(CNN)Today, CNN is launching new standards for reporting on polling. These standards will serve to elevate research conducted by the most skilled pollsters and will make it easier for readers and viewers to understand what a poll says.
The news is flooded with polls every election year. Those looking to raise their profile have discovered that frequent polling on newsworthy topics can get a lot of attention. But not all of those polls deserve to be taken as seriously as polls conducted by researchers doing surveys to contribute to the public's understanding of the American people.
It doesn't take much to conduct a poll these days, but it does take quite a lot of care to conduct one well.
CNN will continue to hold pollsters to high standards. Our new approach opens the door for recently developed methods that did not previously meet the benchmark, provided they are being done carefully, while holding those using long-trusted methods to a higher bar that better reflects the steps pollsters need to take to conduct accurate surveys today.
The standards rest on responses to 16 questions which assess the methodology and the assumptions which form the backbone of any publicly-released poll. Pollsters who meet the standards are those who have answered all 16 questions and have done so in a way that shows they are using the best practices the industry has and methodologies which have been proven to work.
CNN's 16 questions will be easy to answer if a pollster has taken the necessary steps to reliably estimate the American public's opinion. Any pollster who can't -- or won't -- answer them all may not have put in the time and effort necessary to reach a representative sample today.
And getting the views of a representative group of Americans is harder than ever. Polling has changed quite a lot, and rapidly. For decades, the gold standard for polling was to survey people reached by a random sample of telephone numbers for landline phones. Today, relying on that approach alone produces skewed results because the majority of Americans who only use cellphones are ignored. But calling cellphones as well as landlines has grown more expensive and more difficult. Online research has become dominant for market research and is becoming more prominent in public opinion research as costs have risen for phone polling, even though there hasn't been clear consensus about the best way to do it.
Probability sampling -- the kind where everyone in the group of people being surveyed has a chance at being interviewed -- remains the best place to start when it comes to polling methodology. It is still the gold standard, and research based on other methods is lost without benchmarks established using those methods. But it isn't the only way to get a representative slice of the American public.
By implementing these new standards, CNN will cover some polling that uses non-probability sampling, but only if pollsters can demonstrate that their modeling assumptions were carefully constructed using criteria that are meaningful to the topic and their samples were chosen from reliable sources to represent the target universe.
That's where CNN's list of 16 questions comes in. Evaluating the validity of a poll is only possible if pollsters are transparent about what they are doing. Transparency has become a critical part of how those in the survey research world assess the validity of other research, with the American Association for Public Opinion Research and the Roper Center both implementing formal means to gauge a pollster's transparency. CNN's new polling standards means readers and viewers can be confident that polling covered on CNN has been done by pollsters who are willing to show their work.

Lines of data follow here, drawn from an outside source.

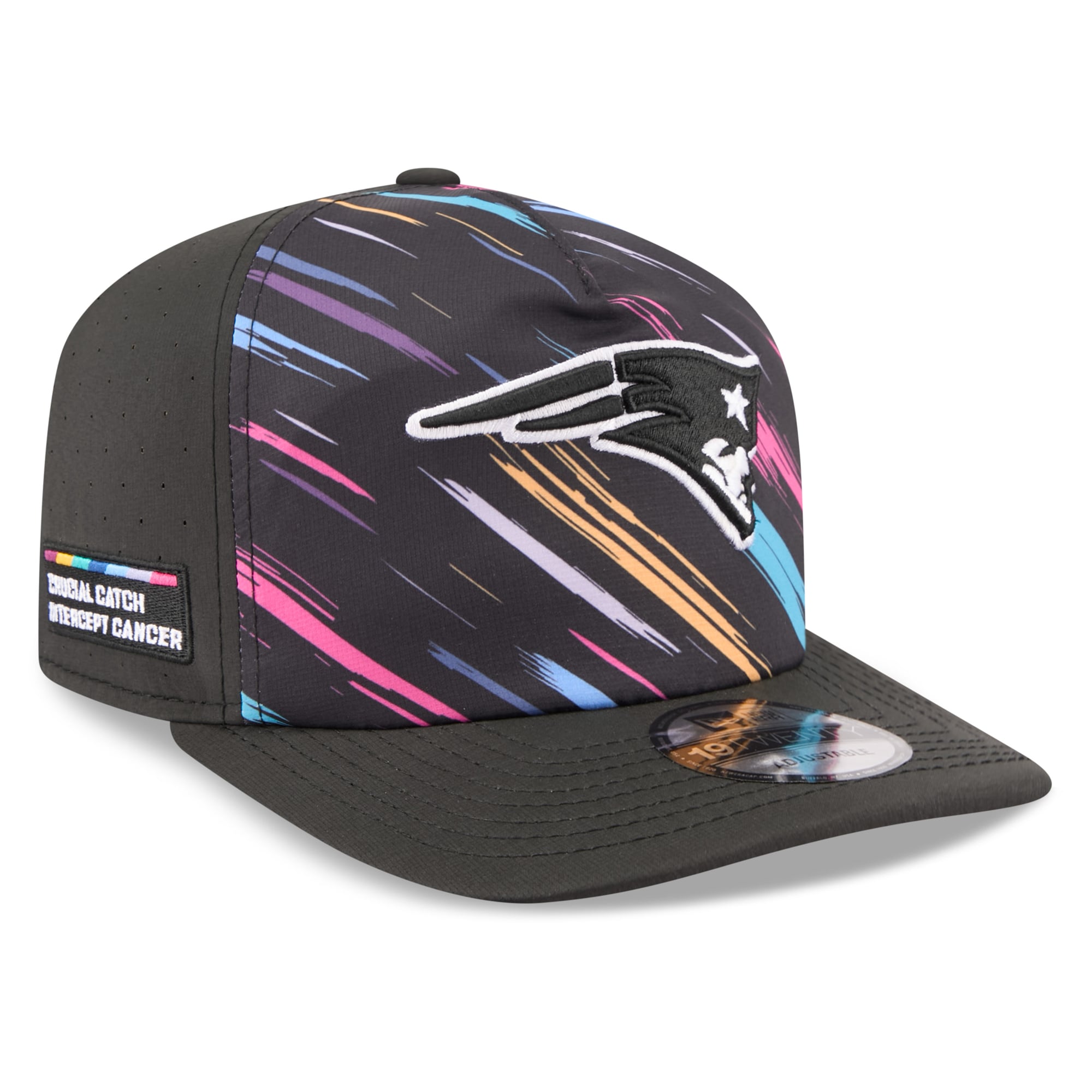 Men's New Era Black New England Patriots 2026 NFL Crucial Catch 19TWENTY Adjustable Hat
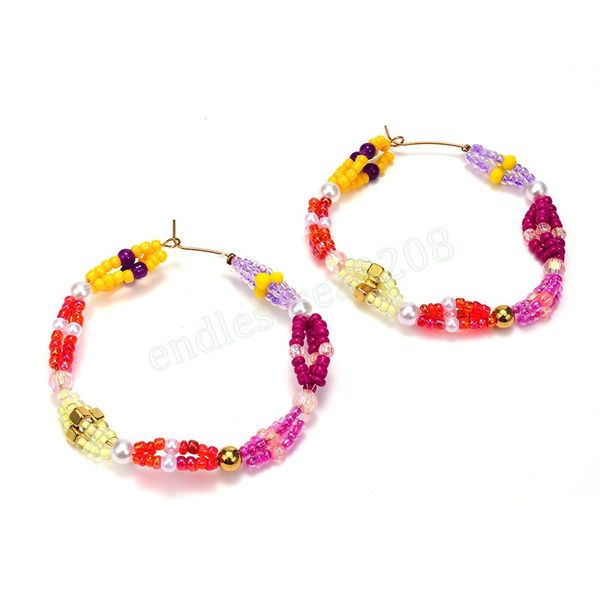 bohemian resin beads multicolor hoop earrings for women female girls trendy jewelry handmade earrings wholesale, Golden;silver
bohemian resin beads multicolor hoop earrings for women female girls trendy jewelry handmade earrings wholesale, Golden;silver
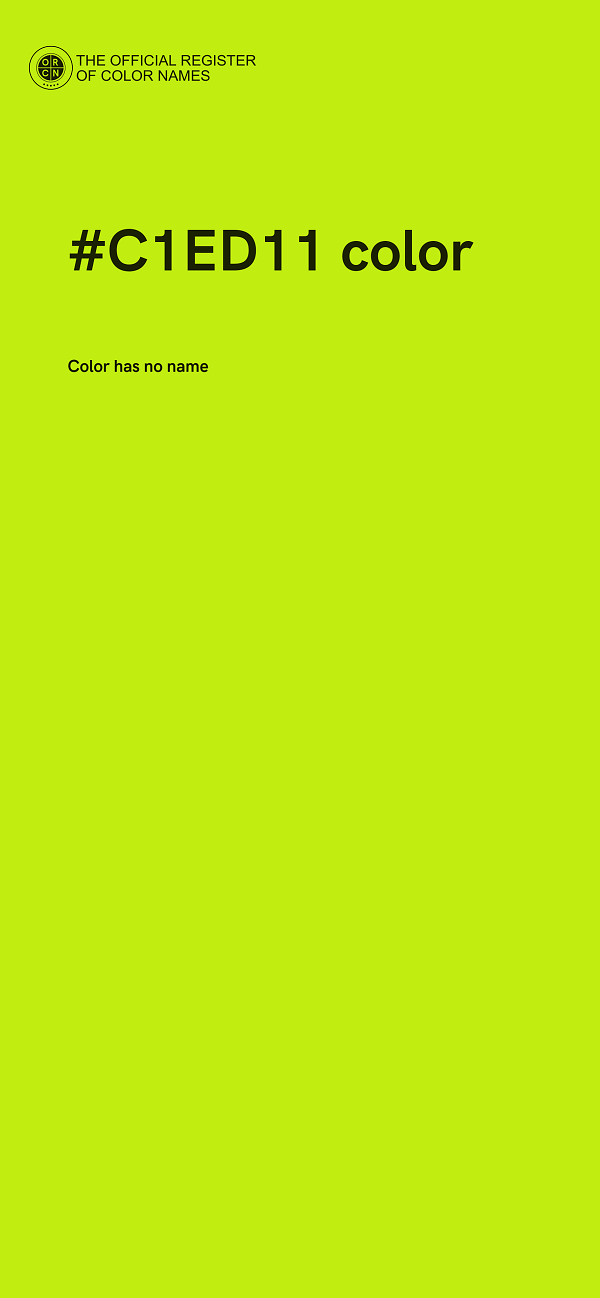 #C1ED11 color image
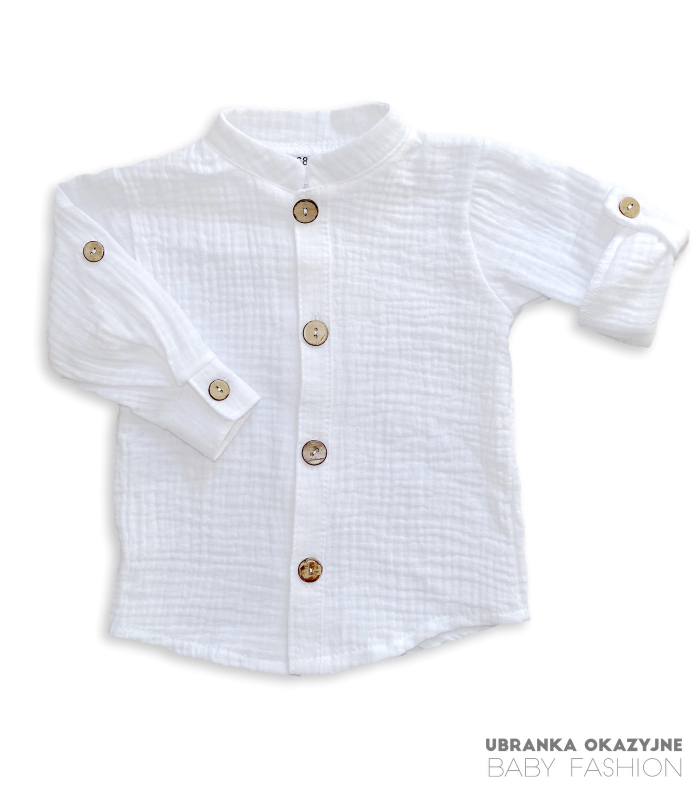 Koszula muślinowa długi rękaw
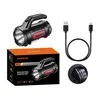 Superfire M9-E searchlight – 900 lm, 473 m, 6000 mAh, 5h operation, powerbank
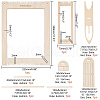 Wood Tassel Maker Kits DIY-WH0401-41-2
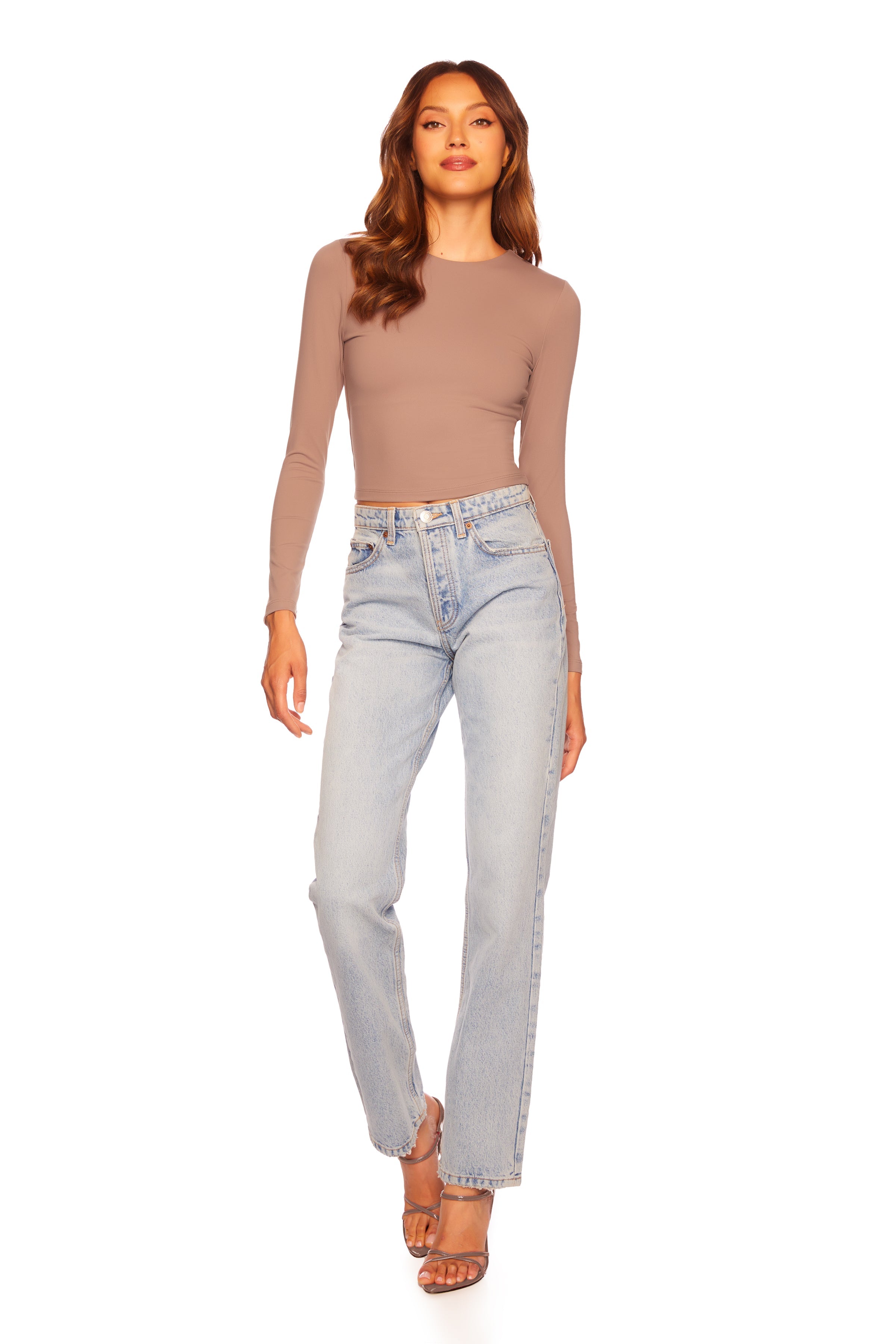 long sleeve crew top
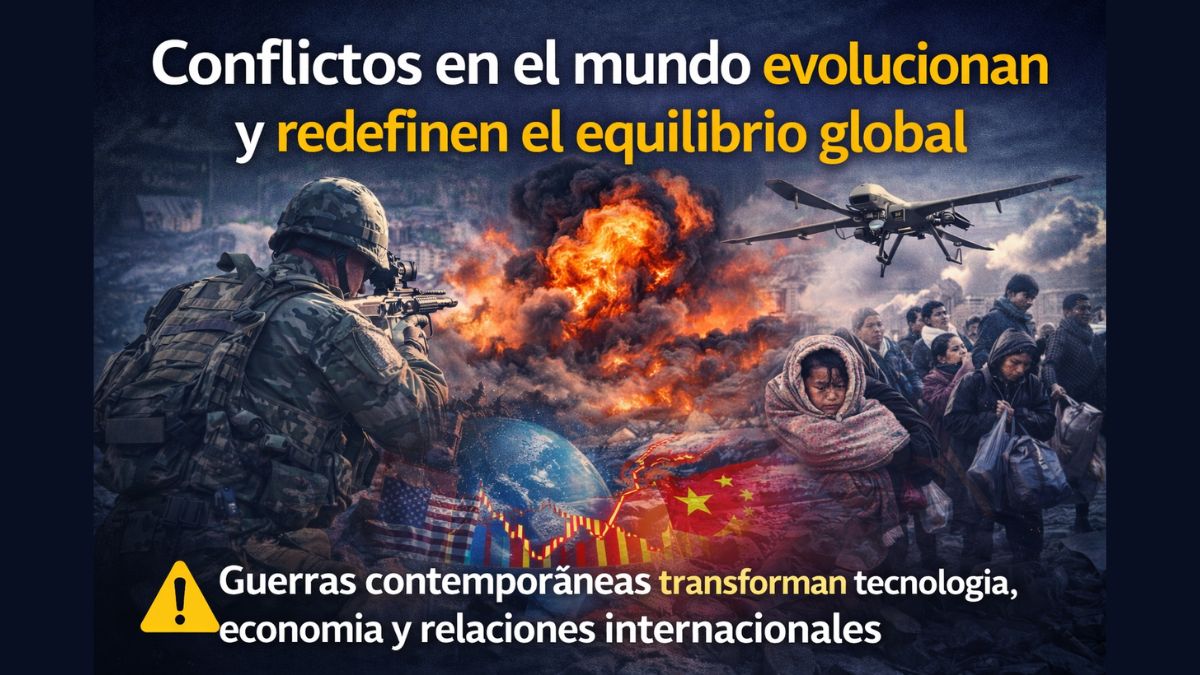 Conflictos en el mundo evolucionan y redefinen el equilibrio global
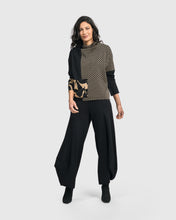 Load image into Gallery viewer, ALEMBIKA JACQUARD FUNNEL NECK TOP
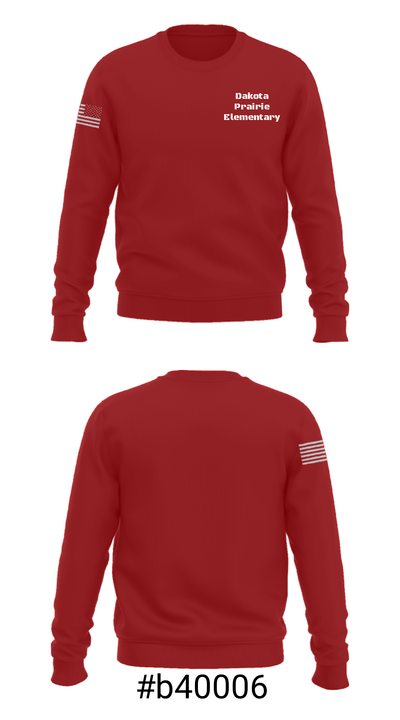 Dakota Prairie Elementary 89941740 Crew Neck Sweatshirt - 16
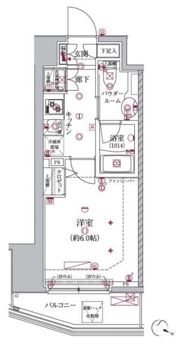クレイシア大井町の間取り画像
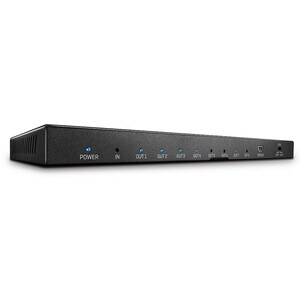 LINDY Signalverteiler - Metall - 3840 × 2160 - 1 x HDMI Ein - 8 x HDMI Aus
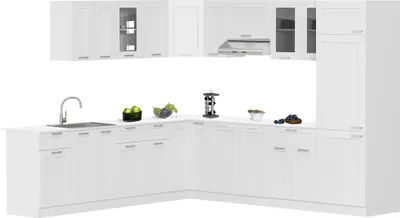 Immagine prodotto di Armadio da cucina appeso | Dimensioni ca. H. 60 x W. 40 x D. 31 cm | Armadio appeso con vetro in stile casa di campagna | Mobili da cucina – Colura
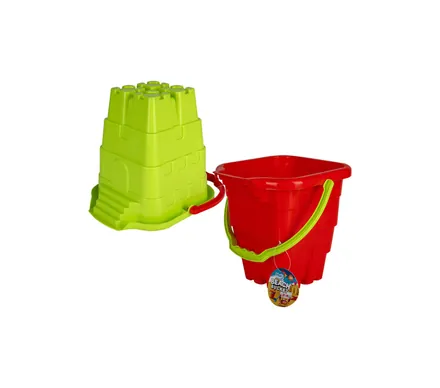Moulded Beach Bucket, 22cm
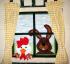 Osterwandbild Patchwork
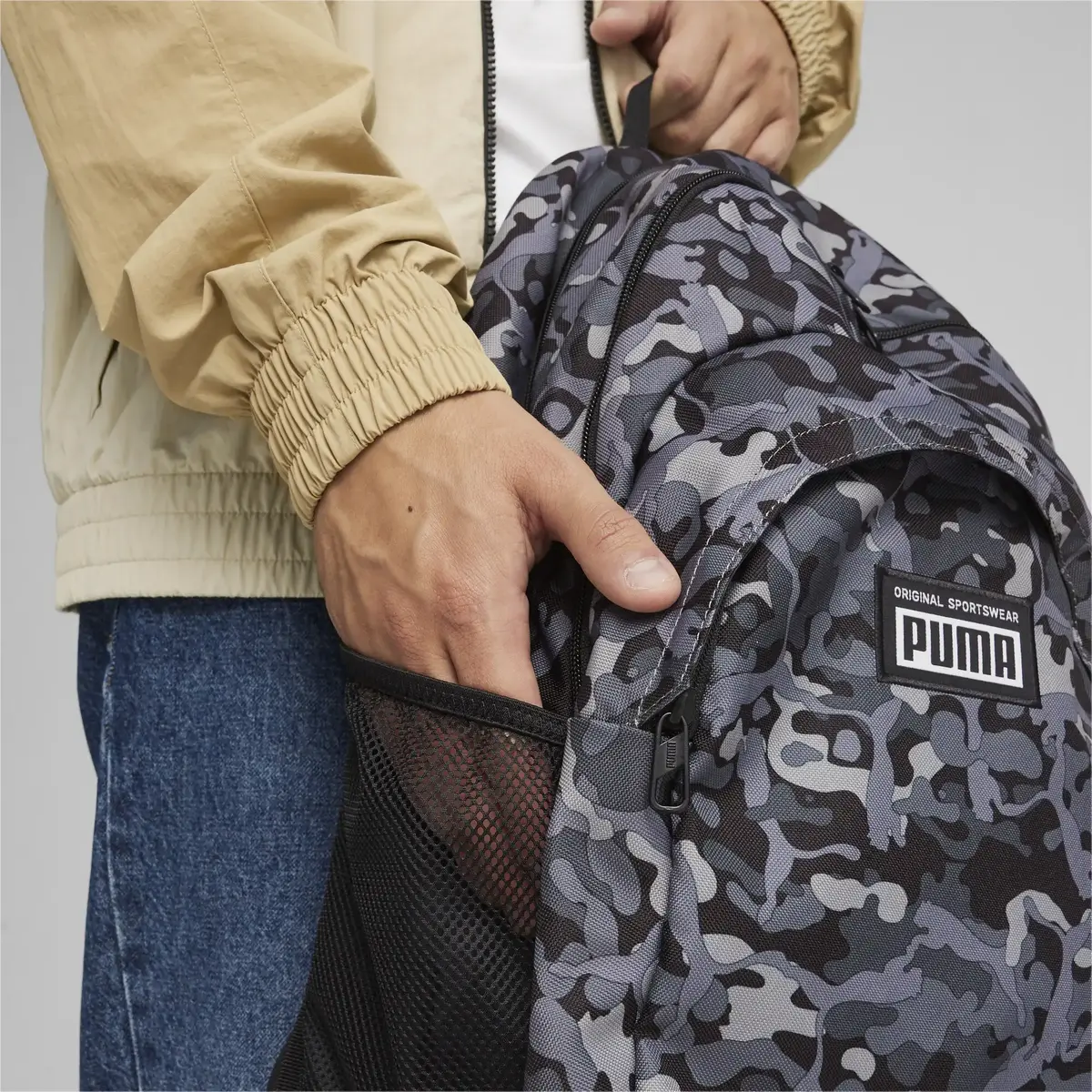PUMA Academy Backpack Gri Unisex Sırt Çantası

There is not one correct way to answer the 16 questions that make up our standards questionnaire, but there are some things that have not met CNN's standards for reporting in the past and will not now. And there are some new, clear lines that define the way polls should be done today. We will not cover:
- Polls that are conducted by campaigns or by those who have a financial or advocacy interest in the outcome
- Polls that are conducted by telephone using robocalls rather than live interviewers
- Polls that are conducted without any type of sampling, where anyone who chooses to can participate
- Polls that are conducted solely using unrepresentative sample sources
- Polls that are conducted without accounting for people who take surveys on their cellphones, either over the phone or by web
- Polls on some topics which do not ensure that respondents of all education levels are adequately reflected
We take seriously our responsibility to report polling carefully.
When journalists weigh whether to report information shared by a source, one of the most important considerations is how that source knows what they say they know. A journalist must be satisfied that the source's information is solid before it goes out to the public.
Our evaluation of polls and surveys should meet that same standard, and the initial approach ought to be skeptical: A poll's existence alone does not make it news, and journalists shouldn't be any more credulous about numbers than they are about words. CNN's standards mean that polls covered by CNN have been thoroughly checked out.